(Beginning of DATA EXCERPT)

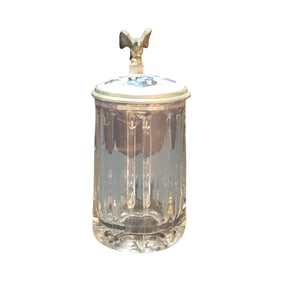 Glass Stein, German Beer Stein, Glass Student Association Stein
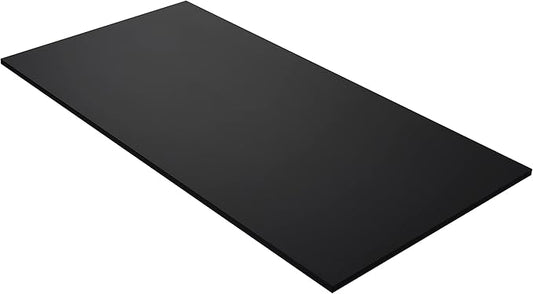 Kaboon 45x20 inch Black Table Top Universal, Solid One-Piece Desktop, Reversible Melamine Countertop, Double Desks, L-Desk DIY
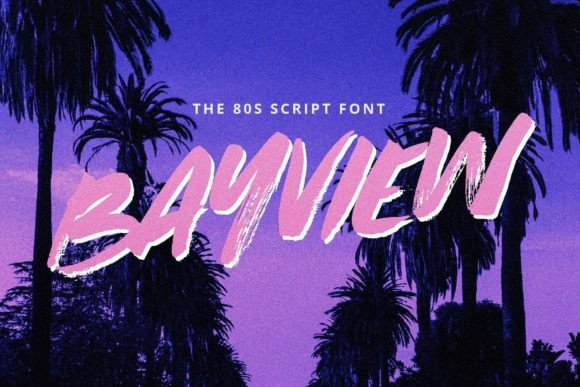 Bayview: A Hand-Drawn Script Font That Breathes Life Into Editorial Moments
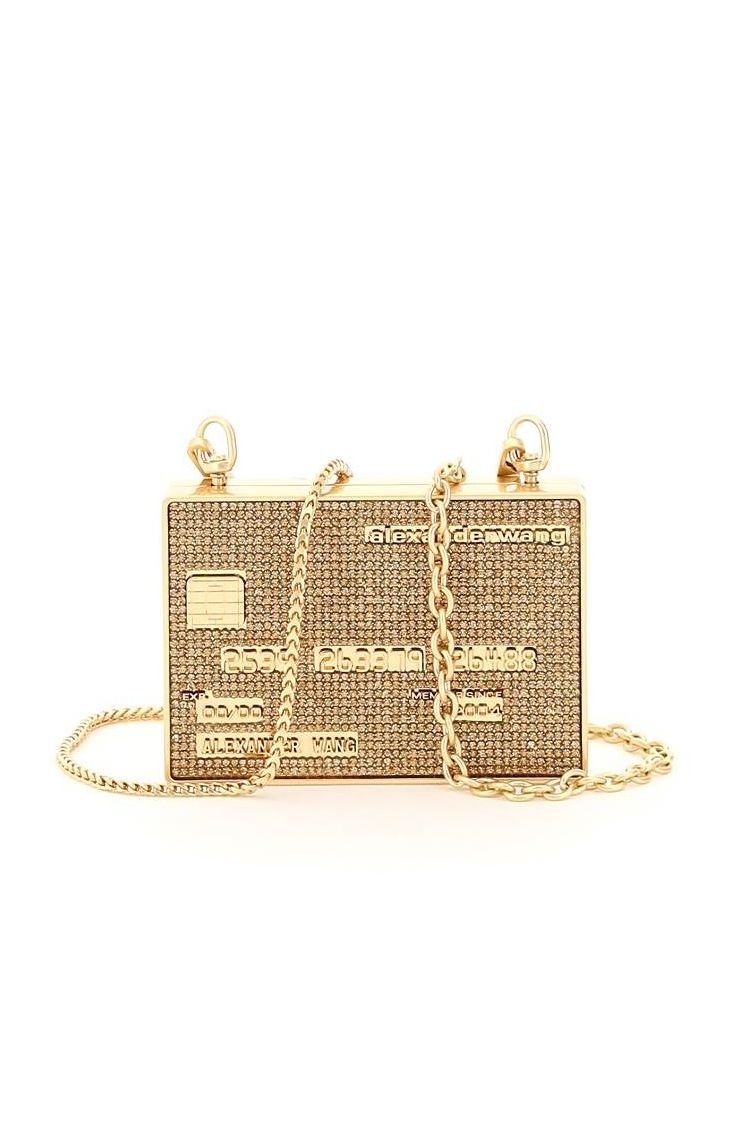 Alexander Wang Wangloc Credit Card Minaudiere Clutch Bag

(End of DATA EXCERPT)

### [DIRECTIONS]
Each line of the listing must be restated word for word, and the pictures left out.

### [SOLUTION TO THIS PROBLEM]
 Glass Stein, German Beer Stein, Glass Student Association Stein
 Kaboon 45x20 inch Black Table Top Universal, Solid One-Piece Desktop, Reversible Melamine Countertop, Double Desks, L-Desk DIY
 Bayview: A Hand-Drawn Script Font That Breathes Life Into Editorial Moments
 Alexander Wang Wangloc Credit Card Minaudiere Clutch Bag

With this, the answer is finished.